- _Records provided_

■ ■ ■ ■ ■

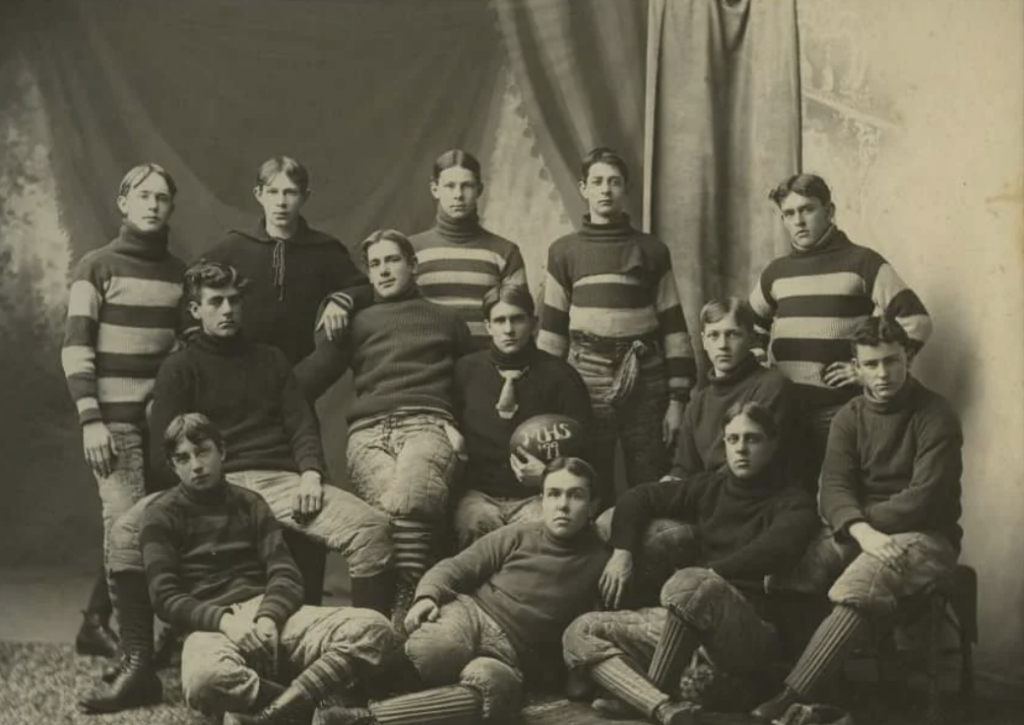 A vintage black and white photograph of a football team with thirteen young men. They're wearing striped sweaters and padded pants, posed together against a draped backdrop. Their expressions are serious, capturing a sense of camaraderie.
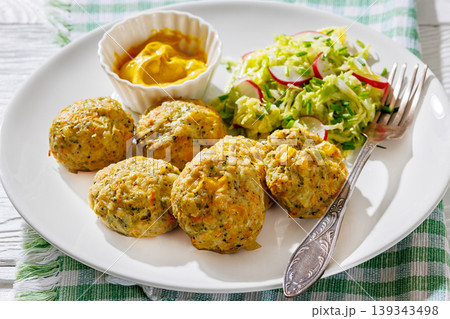 Baked meat and vegetable polpette with salad 139343498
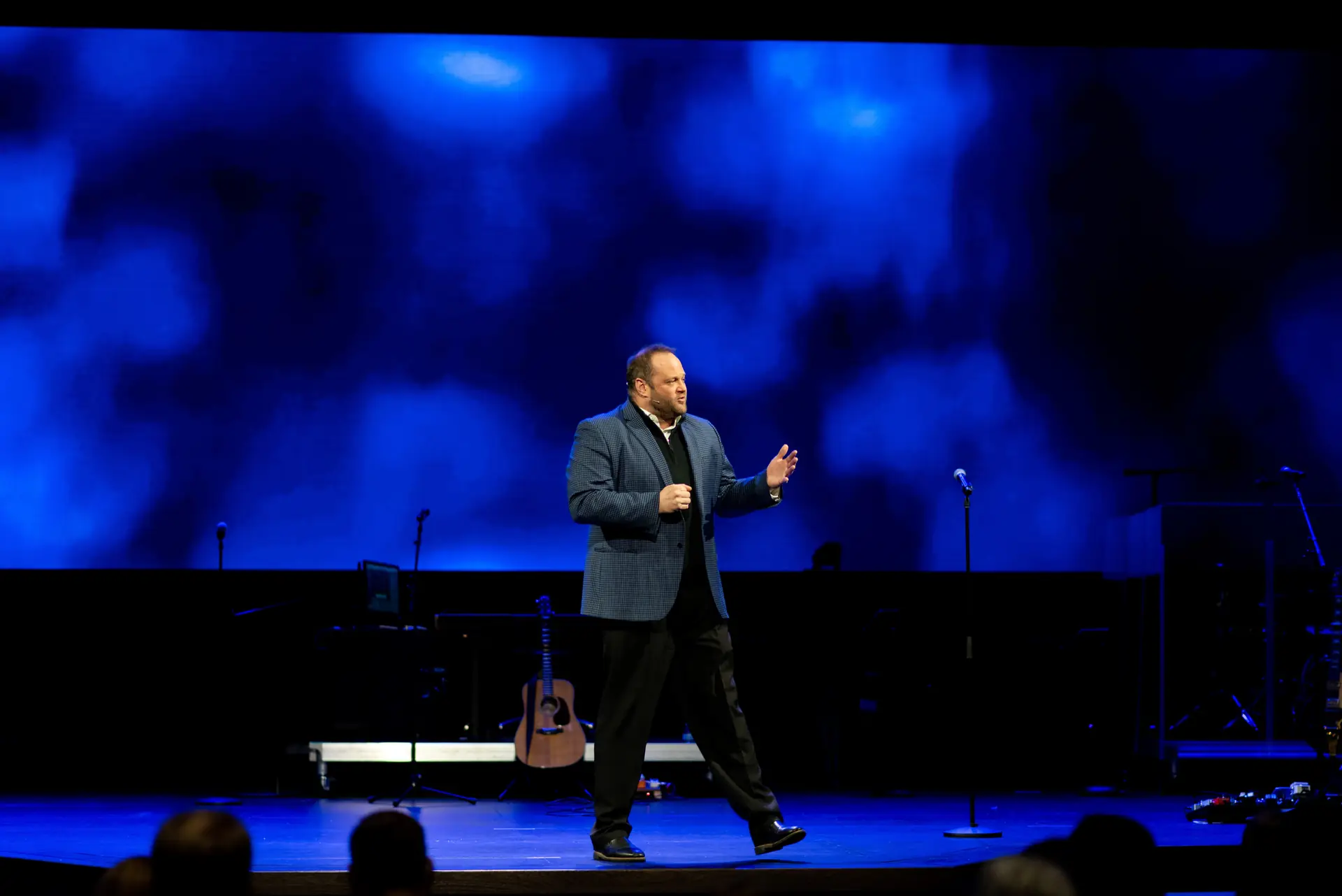 Cameron Mills speaking on a stage lit in blue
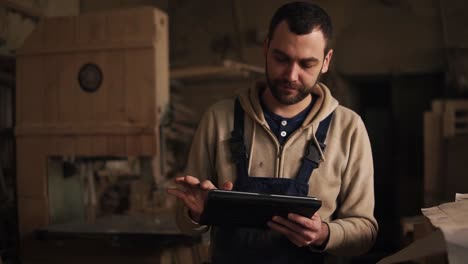 Young-Carpenter-Walking-Through-The-Workshop-With-Tablet-In-Hands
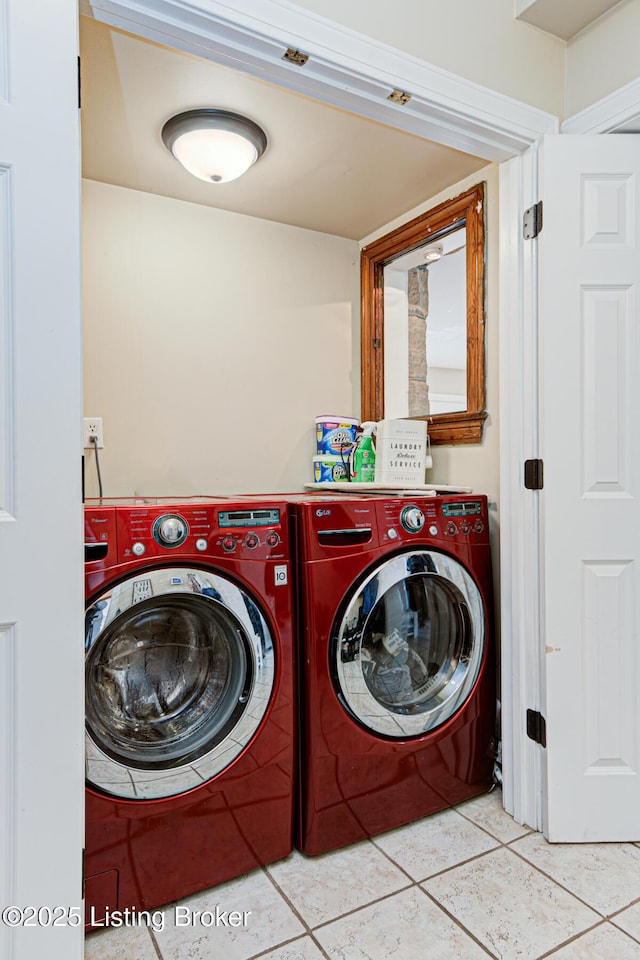 washroom with separate washer and dryer and light tile patterned floors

■ ■ ■ ■ ■

- _Exercise objective_
What you return must be every entry, word for word, without any pictures.

- _Exercise response_
 A vintage black and white photograph of a football team with thirteen young men. They're wearing striped sweaters and padded pants, posed together against a draped backdrop. Their expressions are serious, capturing a sense of camaraderie.
 Baked meat and vegetable polpette with salad 139343498
 Cameron Mills speaking on a stage lit in blue
 Young-Carpenter-Walking-Through-The-Workshop-With-Tablet-In-Hands
 washroom with separate washer and dryer and light tile patterned floors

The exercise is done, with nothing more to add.